* DATA PROVIDED *
========

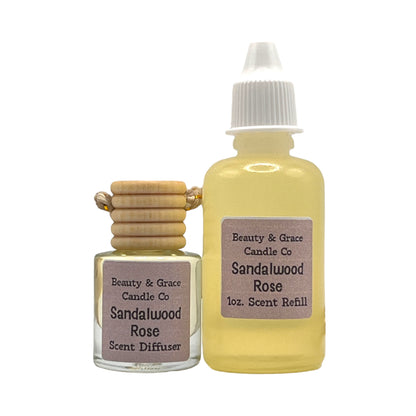 Sandalwood Rose Car Scent Diffuser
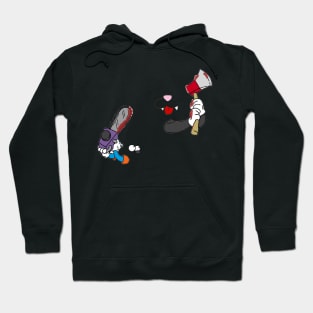 Cat and mouse fight Hoodie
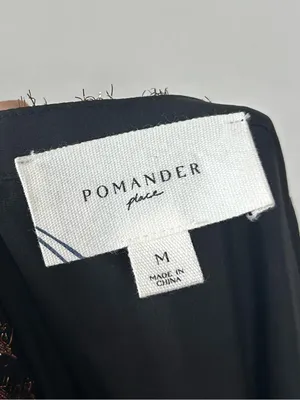 Tuckernuck Pomander Place Kenzo Long Sleeve Mini Dress in Metallic Ikat Medium thumbnail 6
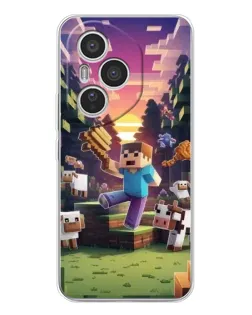 Чехол для Huawei Honor 400 Pro с картинкой «Стив на ферме»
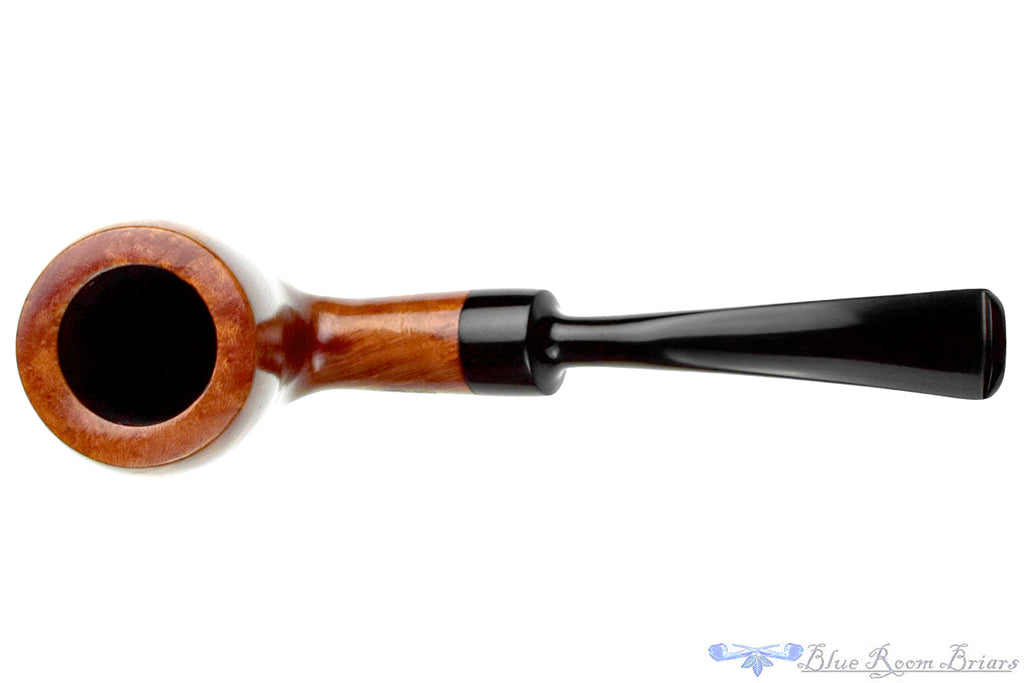 Blue Room Briars is proud to present this Shalom Freehand Bent Spot Carved Billiard UNSMOKED Estate Pipe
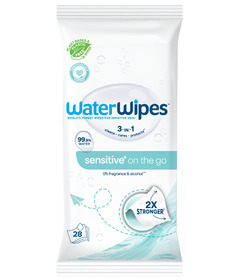 image of WaterWipes Sensitive+ On The Go Wipes Unscented & Hypoallergenic with sku:272067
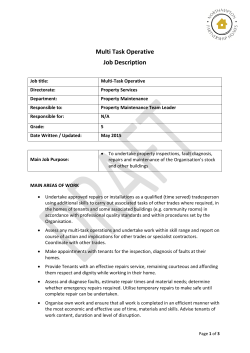 Job description/Person specification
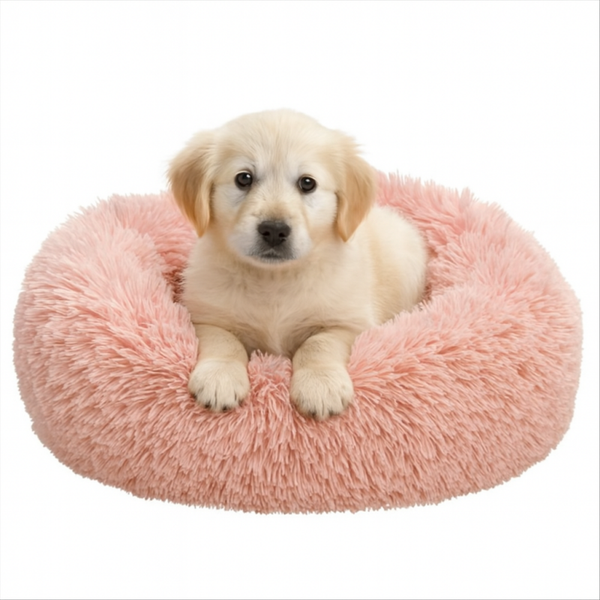 HONDENMAND FLUFFY ROZE DONUT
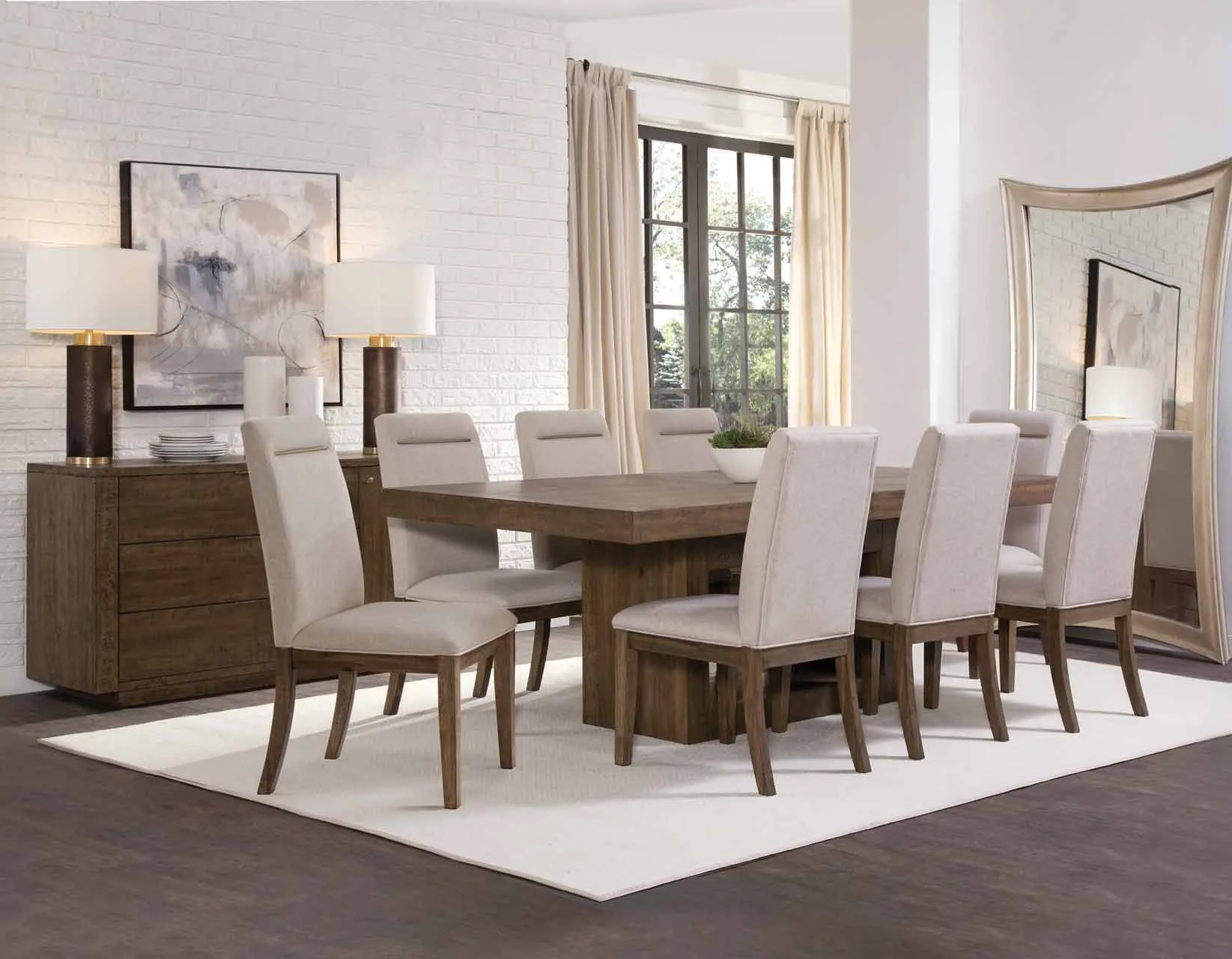 Garland Distressed Toffee Dining Room Set - Image 4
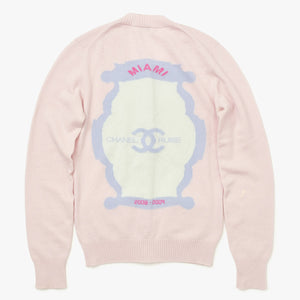 CHANEL シャネル カシミヤニットカーディガン P34557 カシミヤ ラインストーン ライトピンク ライトブルー ミントグリーン パステル調 34サイズ 美品 中古 4a003902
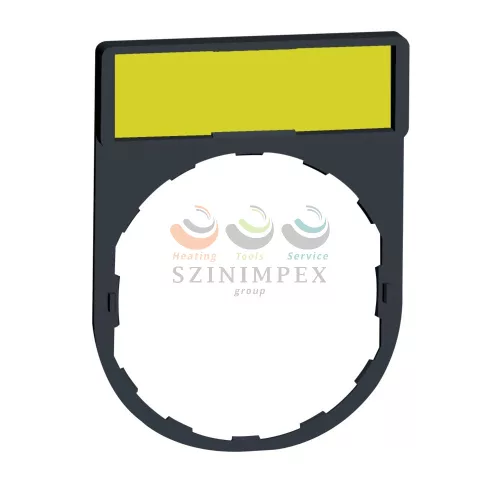 Schneider Electric harmony címketartó 30 × 40 mm, Ø22 készülékekhez, 8 × 27 mm felirati címkével, jelöletlen, fehér/sárga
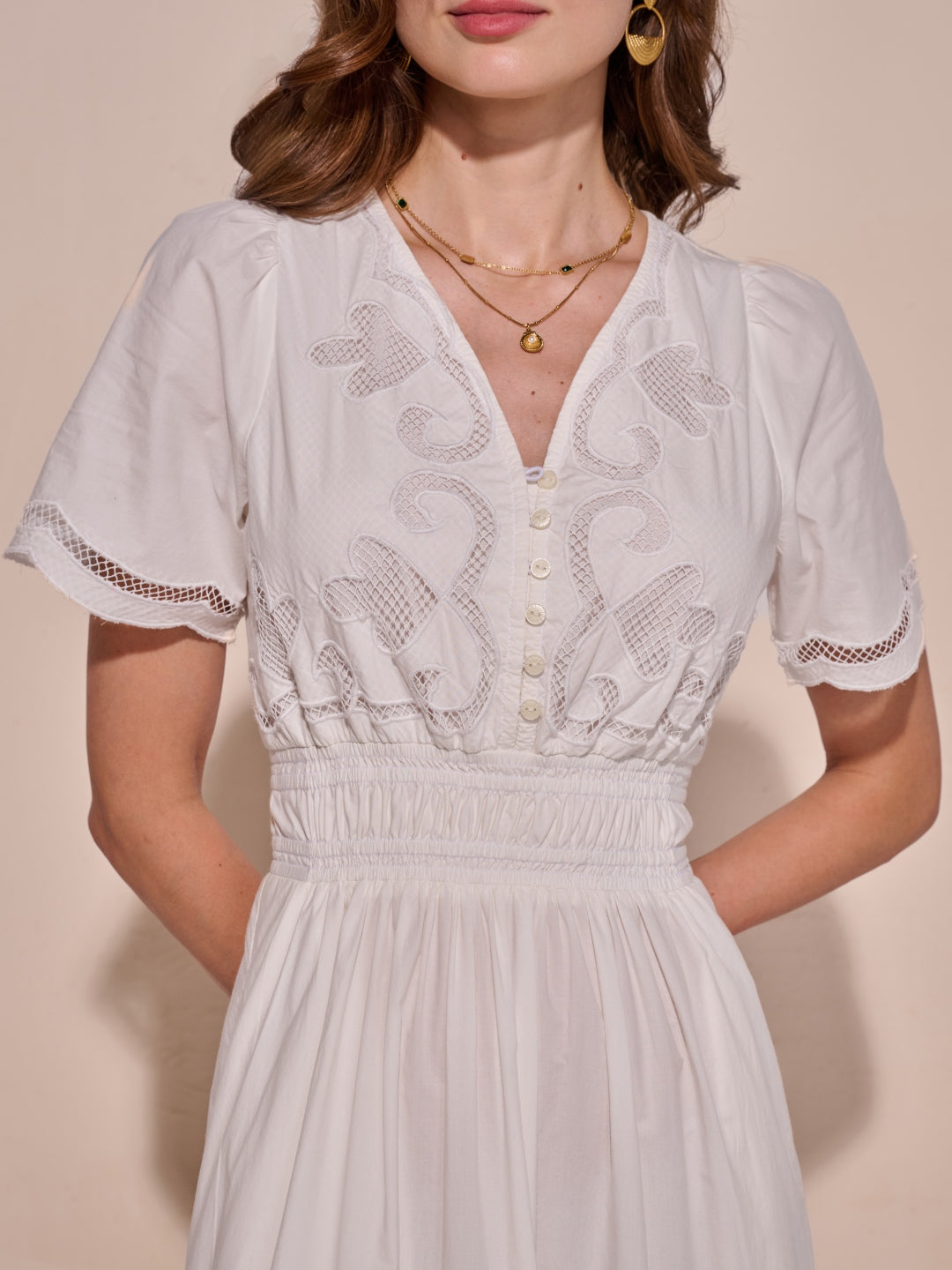 Ava Cutwork Dress | Style Island at Broadway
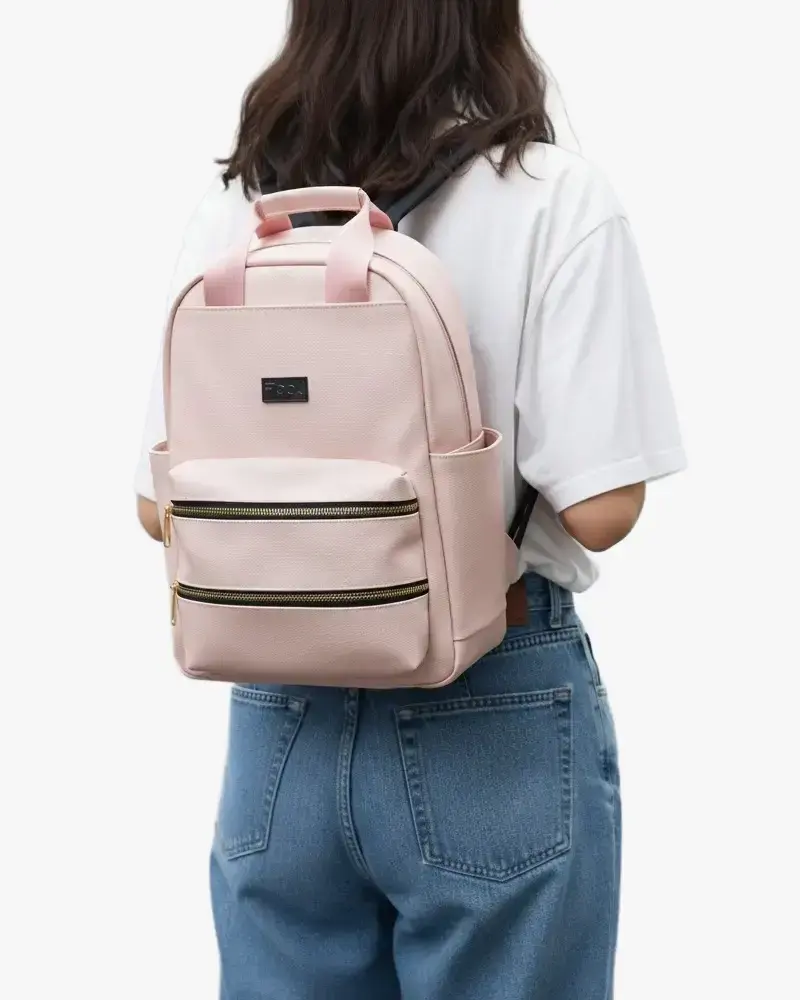 Totepack Cora Aura Rosa Modelo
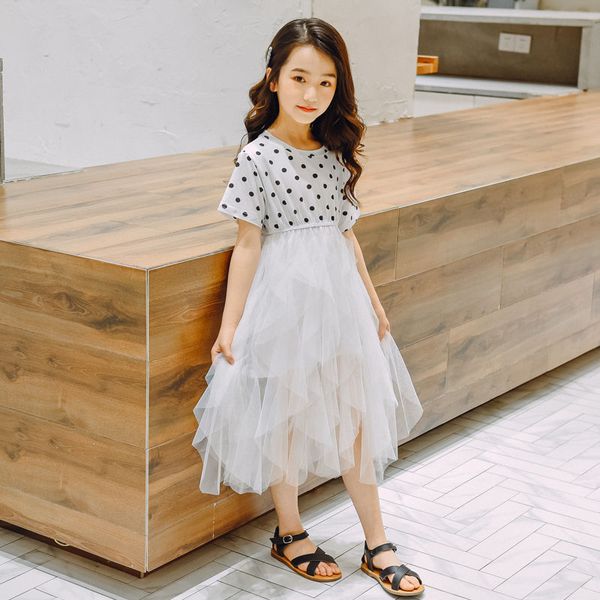 

children clothing girls dress summer princess costume new korean-style fashion casual dress, Red;yellow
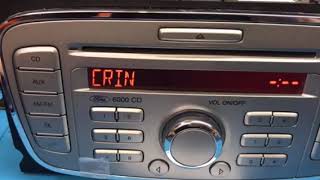 Ford 6000 CD Radio code instructions [upl. by Yorker337]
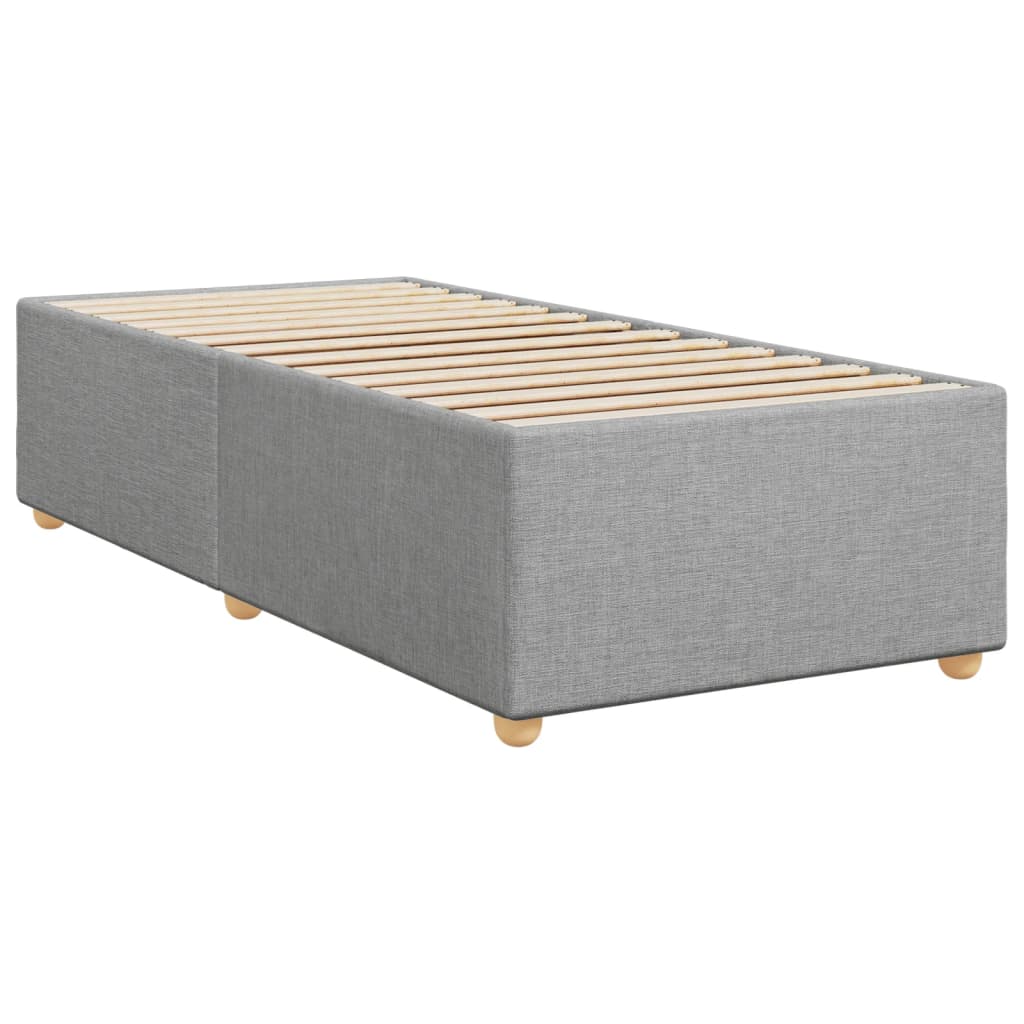 vidaXL Cadru de pat fără saltea, gri deschis, 100x200 cm, textil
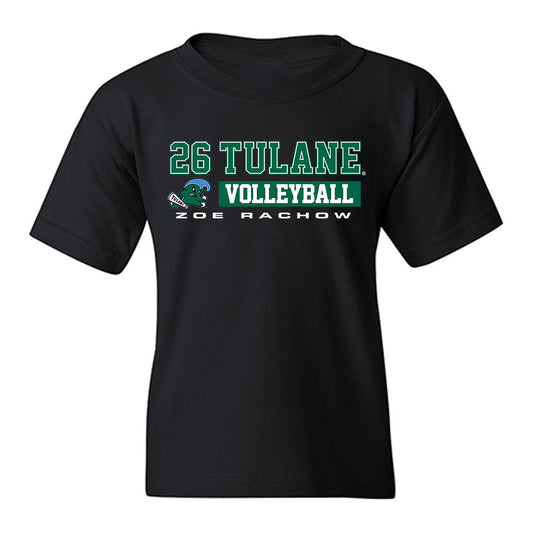 Tulane - NCAA Women's Volleyball : Zoe Rachow - Classic Fashion Shersey Youth T-Shirt-0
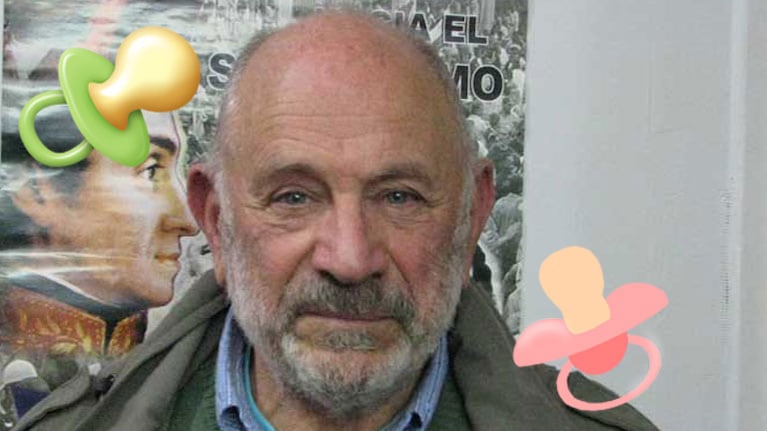 Norman Briski fue papá a los 77 años: nacieron Fidelina y Galatea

========

Please return the lines from the line with "children clothing girls" through the last line of the data, both included, exactly, and without pictures.

* EXPECTED OUTPUT *
children clothing girls dress summer princess costume new korean-style fashion casual dress, Red;yellow
 Ford 6000 CD Radio code instructions [upl. by Yorker337]
 vidaXL Cadru de pat fără saltea, gri deschis, 100x200 cm, textil
 Tulane - NCAA Women's Volleyball : Zoe Rachow - Classic Fashion Shersey Youth T-Shirt-0
 Norman Briski fue papá a los 77 años: nacieron Fidelina y Galatea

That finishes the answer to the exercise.